# Things you wish you knew...



## Mischa (Feb 17, 2010)

I've been talking to Crazy Kian's owner/dad/pack leader and I got to thinking: Are there any tips, training techniques, information, items such as toys, etc. that you wish you had known or had before and only learned later that could have helped raise your V? Or is/was there an issue right now in the teenage years or adulthood you wished you had focused more on when they were a puppy?
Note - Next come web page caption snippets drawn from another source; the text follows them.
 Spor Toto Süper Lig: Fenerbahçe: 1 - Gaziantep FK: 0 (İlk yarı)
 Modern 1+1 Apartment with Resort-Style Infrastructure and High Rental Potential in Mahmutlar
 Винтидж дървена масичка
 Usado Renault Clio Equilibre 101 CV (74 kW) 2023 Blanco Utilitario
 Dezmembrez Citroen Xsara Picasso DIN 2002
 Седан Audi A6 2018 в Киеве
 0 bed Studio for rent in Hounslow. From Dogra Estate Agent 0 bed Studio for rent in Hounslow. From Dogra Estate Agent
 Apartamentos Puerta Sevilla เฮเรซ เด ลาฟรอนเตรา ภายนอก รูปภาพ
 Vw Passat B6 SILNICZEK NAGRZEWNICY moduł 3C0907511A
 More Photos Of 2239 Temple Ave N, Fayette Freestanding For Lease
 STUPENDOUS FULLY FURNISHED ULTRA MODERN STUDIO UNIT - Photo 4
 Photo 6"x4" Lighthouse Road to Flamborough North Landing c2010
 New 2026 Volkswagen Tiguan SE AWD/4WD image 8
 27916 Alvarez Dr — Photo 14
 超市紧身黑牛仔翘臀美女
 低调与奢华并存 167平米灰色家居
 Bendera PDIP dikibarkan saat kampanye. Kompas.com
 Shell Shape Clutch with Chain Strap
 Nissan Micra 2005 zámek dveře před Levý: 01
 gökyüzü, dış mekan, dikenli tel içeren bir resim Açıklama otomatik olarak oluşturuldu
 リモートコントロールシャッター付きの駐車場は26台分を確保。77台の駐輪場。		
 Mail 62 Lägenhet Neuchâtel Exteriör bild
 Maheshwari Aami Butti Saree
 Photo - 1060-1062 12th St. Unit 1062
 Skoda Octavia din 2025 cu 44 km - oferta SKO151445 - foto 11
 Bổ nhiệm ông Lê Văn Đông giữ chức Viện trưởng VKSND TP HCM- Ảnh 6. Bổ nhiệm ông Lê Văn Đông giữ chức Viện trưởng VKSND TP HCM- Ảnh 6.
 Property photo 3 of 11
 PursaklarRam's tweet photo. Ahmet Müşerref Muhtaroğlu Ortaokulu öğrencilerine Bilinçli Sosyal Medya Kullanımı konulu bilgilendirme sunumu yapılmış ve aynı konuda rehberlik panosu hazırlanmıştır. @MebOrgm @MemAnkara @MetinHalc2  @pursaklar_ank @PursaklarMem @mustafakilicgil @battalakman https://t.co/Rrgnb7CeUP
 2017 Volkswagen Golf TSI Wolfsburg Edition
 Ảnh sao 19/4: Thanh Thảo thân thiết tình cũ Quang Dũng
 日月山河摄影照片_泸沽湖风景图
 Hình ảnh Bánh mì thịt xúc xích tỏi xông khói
For me, I'll be honest although this reflects poorly on me (so don't judge! ), when I had my chihuahua, I wish I had socialized him a lot more than I did. Chihuahuas in general aren't too friendly to begin with towards strangers, and I wish that I had taken him out to meet a lot more people when he was a puppy.


----------



## Lisa (Feb 18, 2009)

I really wished we'd worked more on leash walking with Catan. Now he's so much stronger than me and walking him is such a chore but we're working on it.


----------



## fiona long (Feb 15, 2010)

wish i could find a toy that lasts more than 1 day. have tried everything most good quality pet shops sell and have nothing!! bailey destroys it all!


----------



## sarahaf (Aug 17, 2009)

Agreed on both leash work and toys. We've relied on the easy walk harness, but even though the harness allows us to control her, she still wanders back and forth a lot. Loves toys for a day, then bored and looking to steal our stuff. Also with socialization--I think her single biggest behavior problem (besides stealing/destroying our things) is fear of strangers (humans). She barks and even occasionally snarls (only did the latter with a man who has a very unusually loud voice--it jangles us too--and a vet tech who startled her trying to put an id around her neck). I want to work more on that to be sure she won't develop more serious fear aggression.


----------